Elle n’a pas souhaité s’exprimer publiquement, respectant le devoir de réserve inhérent à sa fonction. Mais dans les couloirs du palais de justice, plusieurs magistrats parlent d’une « atmosphère plombée », d’un climat de peur inédit depuis les affaires politico-judiciaires des années 1990.

Quand juger devient un acte de courage

« Être juge aujourd’hui, c’est aussi devenir une cible », confie un magistrat sous couvert d’anonymat. Il poursuit :

« Certains d’entre nous ont reçu des courriers de menace dès qu’ils ont instruit un dossier sensible. Mais depuis la condamnation de Marine Le Pen, on a franchi un cap.
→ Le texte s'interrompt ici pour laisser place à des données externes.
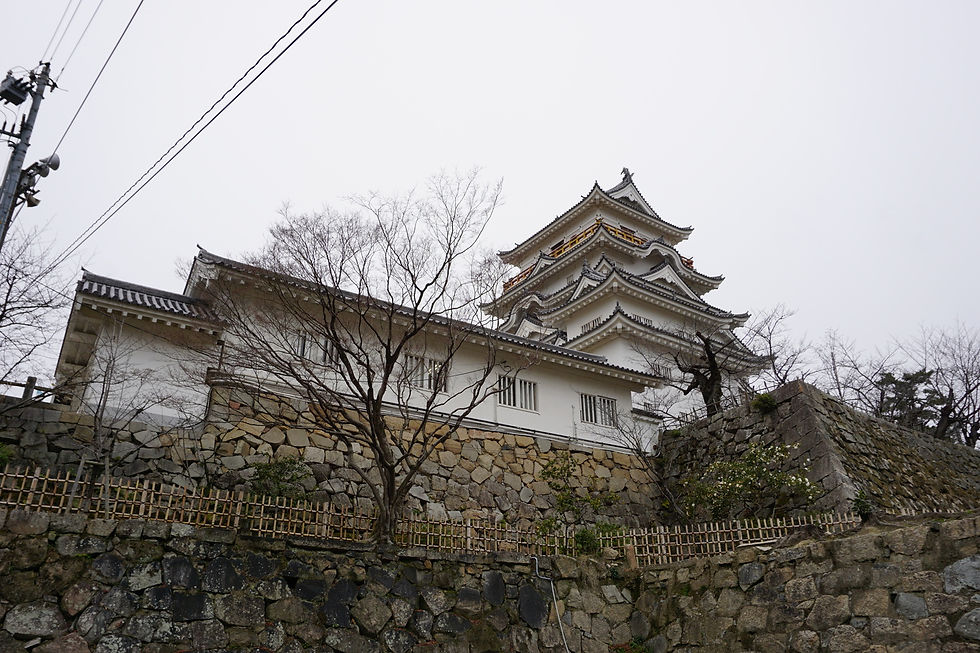 Fukuyama_17.jpg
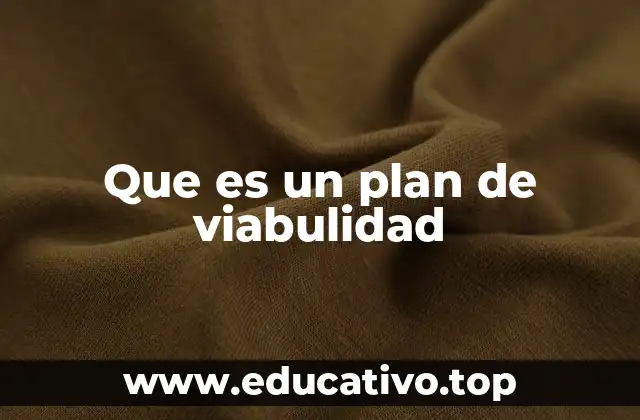 Que es un plan de viabulidad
Il ne s’agit plus de critiques, mais d’une volonté de faire pression, voire d’intimider physiquement. »

Cette situation relance le débat sur la protection des magistrats, mais aussi sur l’indépendance du pouvoir judiciaire en France, remise en cause par certains élus et médias partisans.

Le précédent inquiétant de 2025

Cette affaire n’est pas sans rappeler les tensions judiciaires autour de l’affaire Fillon en 2017, ou encore le traitement de l’affaire Sarkozy, où certains juges avaient déjà été pris à partie. Mais jamais jusqu’à présent la menace n’avait été aussi explicite, aussi massive.

Et surtout, jamais un personnage politique de premier plan, possiblement candidate naturelle à l’élection présidentielle de 2027, n’avait été frappée d’une inéligibilité immédiate.

Cette décision, historique, bouleverse les équilibres politiques, certes, mais aussi les fondements même de l’État de droit français.

Une République à défendre

La justice est le dernier rempart. Le dernier espoir face à l’arbitraire. Lorsqu’elle est attaquée, c’est toute la République qui vacille.

La condamnation de Marine Le Pen, au-delà de son enjeu judiciaire, a révélé une fracture profonde dans notre société. Une faille que certains n’hésitent plus à exploiter pour instaurer un climat de terreur.

Mais face aux menaces, face aux intimidations, la République ne doit pas céder. Elle doit au contraire réaffirmer, haut et fort, le principe d’indépendance de la justice, et protéger celles et ceux qui la font vivre au quotidien.